What lines in the data hold the string "Image"? Show them.

····················

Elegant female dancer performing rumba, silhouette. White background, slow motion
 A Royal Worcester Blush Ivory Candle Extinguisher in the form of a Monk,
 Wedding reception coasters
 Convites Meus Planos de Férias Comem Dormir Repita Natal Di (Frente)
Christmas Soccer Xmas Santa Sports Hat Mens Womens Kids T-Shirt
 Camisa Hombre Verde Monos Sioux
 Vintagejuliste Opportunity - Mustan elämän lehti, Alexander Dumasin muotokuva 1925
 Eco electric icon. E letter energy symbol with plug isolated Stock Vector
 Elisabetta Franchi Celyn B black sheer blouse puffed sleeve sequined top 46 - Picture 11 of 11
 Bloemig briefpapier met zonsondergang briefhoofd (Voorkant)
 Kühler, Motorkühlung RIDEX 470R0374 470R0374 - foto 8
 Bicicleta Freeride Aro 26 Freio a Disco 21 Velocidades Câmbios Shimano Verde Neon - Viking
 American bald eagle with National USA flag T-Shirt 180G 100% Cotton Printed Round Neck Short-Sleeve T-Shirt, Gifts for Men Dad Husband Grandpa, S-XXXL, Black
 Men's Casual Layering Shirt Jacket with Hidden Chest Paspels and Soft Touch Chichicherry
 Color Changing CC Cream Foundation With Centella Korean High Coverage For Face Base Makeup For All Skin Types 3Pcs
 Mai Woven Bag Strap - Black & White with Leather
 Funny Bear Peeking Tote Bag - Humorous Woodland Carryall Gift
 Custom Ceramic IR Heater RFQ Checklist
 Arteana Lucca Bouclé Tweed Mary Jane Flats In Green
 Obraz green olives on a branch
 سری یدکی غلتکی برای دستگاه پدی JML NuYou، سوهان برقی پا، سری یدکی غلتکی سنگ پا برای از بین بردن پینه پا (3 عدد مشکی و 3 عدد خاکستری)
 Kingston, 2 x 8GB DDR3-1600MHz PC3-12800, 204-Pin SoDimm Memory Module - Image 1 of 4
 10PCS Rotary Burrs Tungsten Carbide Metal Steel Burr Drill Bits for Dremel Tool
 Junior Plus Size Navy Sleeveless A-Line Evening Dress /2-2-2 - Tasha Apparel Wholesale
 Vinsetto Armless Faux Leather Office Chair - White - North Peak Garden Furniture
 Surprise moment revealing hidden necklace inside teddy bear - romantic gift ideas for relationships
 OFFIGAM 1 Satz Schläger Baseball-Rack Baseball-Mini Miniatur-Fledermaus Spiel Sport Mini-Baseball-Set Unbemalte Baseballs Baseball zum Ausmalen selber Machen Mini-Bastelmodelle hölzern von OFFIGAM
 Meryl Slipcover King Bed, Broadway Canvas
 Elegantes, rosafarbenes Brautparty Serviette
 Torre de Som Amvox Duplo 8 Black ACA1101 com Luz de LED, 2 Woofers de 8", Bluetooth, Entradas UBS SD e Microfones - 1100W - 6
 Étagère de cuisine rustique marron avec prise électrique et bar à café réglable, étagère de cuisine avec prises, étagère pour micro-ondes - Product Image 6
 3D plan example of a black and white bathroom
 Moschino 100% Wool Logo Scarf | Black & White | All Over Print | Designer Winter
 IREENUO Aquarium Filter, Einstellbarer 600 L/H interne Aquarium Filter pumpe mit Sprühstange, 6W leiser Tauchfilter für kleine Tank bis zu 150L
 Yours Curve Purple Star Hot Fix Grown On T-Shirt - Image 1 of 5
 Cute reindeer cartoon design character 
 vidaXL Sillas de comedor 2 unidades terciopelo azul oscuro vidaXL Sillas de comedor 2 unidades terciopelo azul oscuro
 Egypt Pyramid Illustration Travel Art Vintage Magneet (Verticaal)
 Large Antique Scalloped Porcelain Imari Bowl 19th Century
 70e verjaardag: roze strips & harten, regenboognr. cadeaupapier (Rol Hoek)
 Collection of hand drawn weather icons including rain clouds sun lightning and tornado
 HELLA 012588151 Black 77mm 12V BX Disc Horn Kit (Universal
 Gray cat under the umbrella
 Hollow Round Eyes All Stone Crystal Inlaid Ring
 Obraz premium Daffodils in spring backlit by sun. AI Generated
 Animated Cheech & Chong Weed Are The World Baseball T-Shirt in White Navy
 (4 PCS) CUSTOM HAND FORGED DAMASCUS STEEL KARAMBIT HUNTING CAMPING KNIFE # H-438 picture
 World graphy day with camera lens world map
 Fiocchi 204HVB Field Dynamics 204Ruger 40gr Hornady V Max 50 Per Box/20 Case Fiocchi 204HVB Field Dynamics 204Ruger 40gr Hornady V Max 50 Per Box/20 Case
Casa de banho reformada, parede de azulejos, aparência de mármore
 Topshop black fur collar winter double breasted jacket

····················

**Problem solution:**
 Kingston, 2 x 8GB DDR3-1600MHz PC3-12800, 204-Pin SoDimm Memory Module - Image 1 of 4
 Étagère de cuisine rustique marron avec prise électrique et bar à café réglable, étagère de cuisine avec prises, étagère pour micro-ondes - Product Image 6
 Yours Curve Purple Star Hot Fix Grown On T-Shirt - Image 1 of 5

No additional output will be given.